__What the task asks__
In the records below, find the line with "HAIMIS Цепочка подарочная" and the line with "FLORAL RADIANCE –". Print both exactly, along with every line between them, and no other line.

>>>

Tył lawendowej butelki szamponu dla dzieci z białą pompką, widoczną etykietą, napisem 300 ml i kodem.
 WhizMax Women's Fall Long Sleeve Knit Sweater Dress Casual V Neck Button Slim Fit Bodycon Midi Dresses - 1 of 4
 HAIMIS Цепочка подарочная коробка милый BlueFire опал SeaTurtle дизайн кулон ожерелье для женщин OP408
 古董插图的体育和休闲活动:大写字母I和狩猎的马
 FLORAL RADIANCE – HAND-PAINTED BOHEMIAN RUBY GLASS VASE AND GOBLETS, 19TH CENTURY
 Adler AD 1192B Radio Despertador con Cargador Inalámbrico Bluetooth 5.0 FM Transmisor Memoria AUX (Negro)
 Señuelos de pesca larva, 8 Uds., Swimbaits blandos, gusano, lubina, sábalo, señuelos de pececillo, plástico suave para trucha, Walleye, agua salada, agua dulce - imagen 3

<<<

__Solution__
 HAIMIS Цепочка подарочная коробка милый BlueFire опал SeaTurtle дизайн кулон ожерелье для женщин OP408
 古董插图的体育和休闲活动:大写字母I和狩猎的马
 FLORAL RADIANCE – HAND-PAINTED BOHEMIAN RUBY GLASS VASE AND GOBLETS, 19TH CENTURY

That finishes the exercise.